Laakeri's blog

By Laakeri, history, 6 weeks ago, In English,

The following question is frequently asked in Codeforces (46390, 45157, 11324): Is there a 2D segment tree that supports range addition and range minimum? In this blog post I give evidence that such a data structure does not exist, or if it did exist it would not generalize to higher dimensions. In particular I show that if for all $$$d$$$ a $$$d$$$-dimensional data structure that performs such queries in $$$O(polylog(N))$$$ time did exist, then the exponential time hypothesis would fail. Such a data structure exists for range addition and range sum, so this is a non-trivial claim separating the hardness of these problems.

Update:

I researched some literature on related topics and found that while lower bounds for this exact data structure have not been given before, there has been a lot of research on related topics. Some observations:

  1. Klee's measure problem is very related to Range-Add-Min structure.
  2. The reduction from Clique to Klee's measure problem in [1] can be adapted to show that $$$d$$$-dimensional Range-Add-Min-structure with $$$O(polylog(N))$$$ queries could solve $$$d+1$$$-Clique in $$$O(n^2)$$$ time.
  3. Therefore $$$d$$$-dimensional Range-Add-Min-structure for all $$$d$$$ would mean FPT=W[1]. Note that ETH implies FPT!=W[1].
  4. Also, 2D Range-Add-Min structure could solve 3-clique in $$$O(n^2)$$$ time, which would be a breaktrough result.
  5. Hardness of very related problems has been considered earlier this year in [2]. I'm not sure if their results directly imply hardness of 2D Range-Add-Min structure.
  6. There is also a connection to MAX-2-CSP [3], which can be extended to connection to MAX-d-CSP for $$$d$$$-dimensional Range-Add-Min-structure.

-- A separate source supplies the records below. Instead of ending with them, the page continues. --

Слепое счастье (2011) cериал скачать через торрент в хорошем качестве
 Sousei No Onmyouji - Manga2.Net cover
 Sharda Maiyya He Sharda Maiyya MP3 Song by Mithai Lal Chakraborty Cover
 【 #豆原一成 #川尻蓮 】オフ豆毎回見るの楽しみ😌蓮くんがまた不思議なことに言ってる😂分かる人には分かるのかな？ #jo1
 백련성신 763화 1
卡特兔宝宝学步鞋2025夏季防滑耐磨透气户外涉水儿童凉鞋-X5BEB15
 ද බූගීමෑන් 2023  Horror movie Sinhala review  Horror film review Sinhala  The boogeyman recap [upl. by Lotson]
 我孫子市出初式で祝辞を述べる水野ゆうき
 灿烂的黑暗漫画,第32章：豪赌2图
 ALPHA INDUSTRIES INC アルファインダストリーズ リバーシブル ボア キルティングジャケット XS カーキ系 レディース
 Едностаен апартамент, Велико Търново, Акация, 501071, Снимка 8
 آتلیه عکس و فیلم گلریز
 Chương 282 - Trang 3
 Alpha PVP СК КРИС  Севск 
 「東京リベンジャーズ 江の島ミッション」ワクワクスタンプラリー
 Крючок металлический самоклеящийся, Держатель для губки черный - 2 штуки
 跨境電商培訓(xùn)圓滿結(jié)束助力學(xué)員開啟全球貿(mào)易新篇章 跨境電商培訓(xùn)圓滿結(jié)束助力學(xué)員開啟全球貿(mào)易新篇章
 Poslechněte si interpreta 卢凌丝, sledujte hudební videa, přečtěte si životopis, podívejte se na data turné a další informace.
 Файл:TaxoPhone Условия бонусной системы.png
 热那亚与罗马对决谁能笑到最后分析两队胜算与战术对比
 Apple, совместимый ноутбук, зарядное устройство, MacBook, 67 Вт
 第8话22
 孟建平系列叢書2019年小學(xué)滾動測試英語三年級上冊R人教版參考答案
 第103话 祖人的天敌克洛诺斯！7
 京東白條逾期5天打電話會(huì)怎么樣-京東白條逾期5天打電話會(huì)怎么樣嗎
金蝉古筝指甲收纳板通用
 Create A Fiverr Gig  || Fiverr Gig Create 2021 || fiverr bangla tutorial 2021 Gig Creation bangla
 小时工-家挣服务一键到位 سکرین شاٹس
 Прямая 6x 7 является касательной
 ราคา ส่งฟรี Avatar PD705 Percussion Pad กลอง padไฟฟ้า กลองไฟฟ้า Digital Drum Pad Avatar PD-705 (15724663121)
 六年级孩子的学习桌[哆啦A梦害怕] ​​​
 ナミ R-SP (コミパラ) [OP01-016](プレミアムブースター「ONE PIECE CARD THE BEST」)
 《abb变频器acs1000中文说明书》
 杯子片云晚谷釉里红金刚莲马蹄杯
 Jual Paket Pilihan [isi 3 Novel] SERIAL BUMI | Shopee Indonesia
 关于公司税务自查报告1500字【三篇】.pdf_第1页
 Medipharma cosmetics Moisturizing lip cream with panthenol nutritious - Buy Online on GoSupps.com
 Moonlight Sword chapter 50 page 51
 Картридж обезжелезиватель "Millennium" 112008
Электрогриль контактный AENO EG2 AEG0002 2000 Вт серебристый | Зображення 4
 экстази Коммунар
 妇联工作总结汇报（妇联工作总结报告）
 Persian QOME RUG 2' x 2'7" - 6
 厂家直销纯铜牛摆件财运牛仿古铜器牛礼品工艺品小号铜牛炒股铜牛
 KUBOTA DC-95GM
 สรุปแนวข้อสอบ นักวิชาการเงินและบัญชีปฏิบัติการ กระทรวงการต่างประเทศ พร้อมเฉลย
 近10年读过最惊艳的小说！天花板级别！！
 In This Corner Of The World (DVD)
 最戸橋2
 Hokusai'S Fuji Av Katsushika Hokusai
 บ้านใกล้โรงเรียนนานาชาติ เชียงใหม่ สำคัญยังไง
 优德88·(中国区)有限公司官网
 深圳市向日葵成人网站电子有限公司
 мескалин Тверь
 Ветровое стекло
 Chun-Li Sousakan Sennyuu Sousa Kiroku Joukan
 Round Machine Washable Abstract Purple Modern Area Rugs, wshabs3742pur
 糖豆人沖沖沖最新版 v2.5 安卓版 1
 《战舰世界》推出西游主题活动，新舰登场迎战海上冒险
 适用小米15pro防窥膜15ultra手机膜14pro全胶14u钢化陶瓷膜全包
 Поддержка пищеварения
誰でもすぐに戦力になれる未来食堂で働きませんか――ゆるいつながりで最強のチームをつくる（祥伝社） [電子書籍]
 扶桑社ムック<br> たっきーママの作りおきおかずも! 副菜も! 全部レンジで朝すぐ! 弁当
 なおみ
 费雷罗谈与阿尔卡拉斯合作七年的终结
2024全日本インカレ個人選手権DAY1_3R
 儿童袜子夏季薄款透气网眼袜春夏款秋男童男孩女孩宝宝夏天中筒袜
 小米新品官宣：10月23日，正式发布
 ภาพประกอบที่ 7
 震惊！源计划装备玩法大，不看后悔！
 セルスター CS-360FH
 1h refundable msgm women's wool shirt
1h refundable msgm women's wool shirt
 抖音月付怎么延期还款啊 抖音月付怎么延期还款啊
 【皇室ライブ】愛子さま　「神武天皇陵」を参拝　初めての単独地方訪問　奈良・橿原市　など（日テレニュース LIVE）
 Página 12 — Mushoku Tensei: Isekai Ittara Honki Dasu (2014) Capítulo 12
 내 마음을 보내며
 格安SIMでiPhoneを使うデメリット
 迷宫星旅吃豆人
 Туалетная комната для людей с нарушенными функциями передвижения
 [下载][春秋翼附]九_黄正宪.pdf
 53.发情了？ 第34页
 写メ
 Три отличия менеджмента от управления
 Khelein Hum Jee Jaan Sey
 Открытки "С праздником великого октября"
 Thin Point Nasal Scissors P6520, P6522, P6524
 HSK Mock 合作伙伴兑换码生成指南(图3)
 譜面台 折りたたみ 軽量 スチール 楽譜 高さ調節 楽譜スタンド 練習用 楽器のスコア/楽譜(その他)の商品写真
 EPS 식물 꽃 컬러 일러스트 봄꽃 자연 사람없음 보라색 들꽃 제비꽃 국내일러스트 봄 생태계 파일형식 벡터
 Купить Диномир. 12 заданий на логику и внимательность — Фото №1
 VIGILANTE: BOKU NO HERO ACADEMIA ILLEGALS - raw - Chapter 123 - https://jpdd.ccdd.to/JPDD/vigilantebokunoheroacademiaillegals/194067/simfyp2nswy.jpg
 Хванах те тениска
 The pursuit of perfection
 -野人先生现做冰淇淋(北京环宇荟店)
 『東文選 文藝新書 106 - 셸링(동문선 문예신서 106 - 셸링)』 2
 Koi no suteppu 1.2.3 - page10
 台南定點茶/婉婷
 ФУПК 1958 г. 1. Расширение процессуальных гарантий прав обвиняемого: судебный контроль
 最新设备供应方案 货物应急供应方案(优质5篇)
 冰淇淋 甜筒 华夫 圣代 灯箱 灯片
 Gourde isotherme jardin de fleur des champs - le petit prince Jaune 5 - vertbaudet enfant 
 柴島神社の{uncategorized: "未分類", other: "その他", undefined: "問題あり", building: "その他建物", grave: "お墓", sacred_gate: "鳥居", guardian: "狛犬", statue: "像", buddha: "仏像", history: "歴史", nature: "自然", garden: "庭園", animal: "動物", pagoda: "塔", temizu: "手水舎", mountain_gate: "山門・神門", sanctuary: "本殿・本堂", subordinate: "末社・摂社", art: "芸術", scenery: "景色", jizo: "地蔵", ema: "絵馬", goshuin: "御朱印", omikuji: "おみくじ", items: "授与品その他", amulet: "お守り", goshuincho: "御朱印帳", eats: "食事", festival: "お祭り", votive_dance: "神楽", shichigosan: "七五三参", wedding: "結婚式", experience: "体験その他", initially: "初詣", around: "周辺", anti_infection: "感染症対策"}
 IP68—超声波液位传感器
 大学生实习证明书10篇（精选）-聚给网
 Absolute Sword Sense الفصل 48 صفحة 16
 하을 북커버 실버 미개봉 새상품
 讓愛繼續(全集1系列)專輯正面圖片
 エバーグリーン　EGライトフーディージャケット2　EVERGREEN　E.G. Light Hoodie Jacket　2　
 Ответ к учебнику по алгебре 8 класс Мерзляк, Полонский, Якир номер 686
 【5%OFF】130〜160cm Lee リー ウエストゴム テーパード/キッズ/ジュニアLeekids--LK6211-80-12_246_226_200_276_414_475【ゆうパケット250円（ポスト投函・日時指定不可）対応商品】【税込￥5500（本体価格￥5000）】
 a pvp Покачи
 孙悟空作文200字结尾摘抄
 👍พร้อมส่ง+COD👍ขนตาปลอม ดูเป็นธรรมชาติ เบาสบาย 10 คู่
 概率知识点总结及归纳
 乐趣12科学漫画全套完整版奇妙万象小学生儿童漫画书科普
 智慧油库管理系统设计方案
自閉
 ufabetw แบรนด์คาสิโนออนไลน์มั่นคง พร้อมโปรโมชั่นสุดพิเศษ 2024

[1] T. M. Chan. A (slightly) faster algorithm for klee's measure problem. SCG 2008 https://dl.acm.org/citation.cfm?id=1377693

[2] L. Duraj, K. Kleiner, A. Polak, V. V. Williams. Equivalences between triangle and range query problems. arXiv 2019 https://arxiv.org/abs/1908.11819

[3] R. Williams. A new algorithm for optimal 2-constraint satisfaction and its implications. TCS 2005 https://www.sciencedirect.com/science/article/pii/S0304397505005438

A pdf version of this blog is in http://laakeri.kapsi.fi/a/rmq.pdf

Formalization

Consider a $$$d$$$-dimensional integer array $$$A$$$ whose elements are indexed with $$$A[(i_1, \ldots, i_d)]$$$ for all $$$0 \le i_j < N$$$. Furthermore assume that $$$A$$$ is initialized to zero. The operation $$$add(v, l_1, r_1, \ldots, l_d, r_d)$$$ adds the value $$$v$$$ to all elements $$$A[(i_1, \ldots, i_d)]$$$ such that $$$l_j \le i_j < r_j$$$. The operation $$$min(l_1, r_1, \ldots, l_d, r_d)$$$ returns the minimum value over all elements $$$A[(i_1, \ldots, i_d)]$$$ such that $$$l_j \le i_j < r_j$$$. A data structure that supports these two operations is called Range-Add-Min-structure.

In the Boolean satisfiability problem (SAT) the task is to decide if there is an assigment of $$$n$$$ binary variables to true/false so that it satisfies a given Boolean formula. The formula consists of $$$m$$$ clauses, and an assigment of variables satisfies the formula if it satisfies every clause. A clause is a logical or that consists of variables and negations of variables. For example if $$$x_1, x_2, \ldots, x_n$$$ are variables, the clause $$$(x_1 \vee \neg x_3 \vee x_6)$$$ is satisfied if $$$x_1$$$ is true or $$$x_3$$$ is false or $$$x_6$$$ is true.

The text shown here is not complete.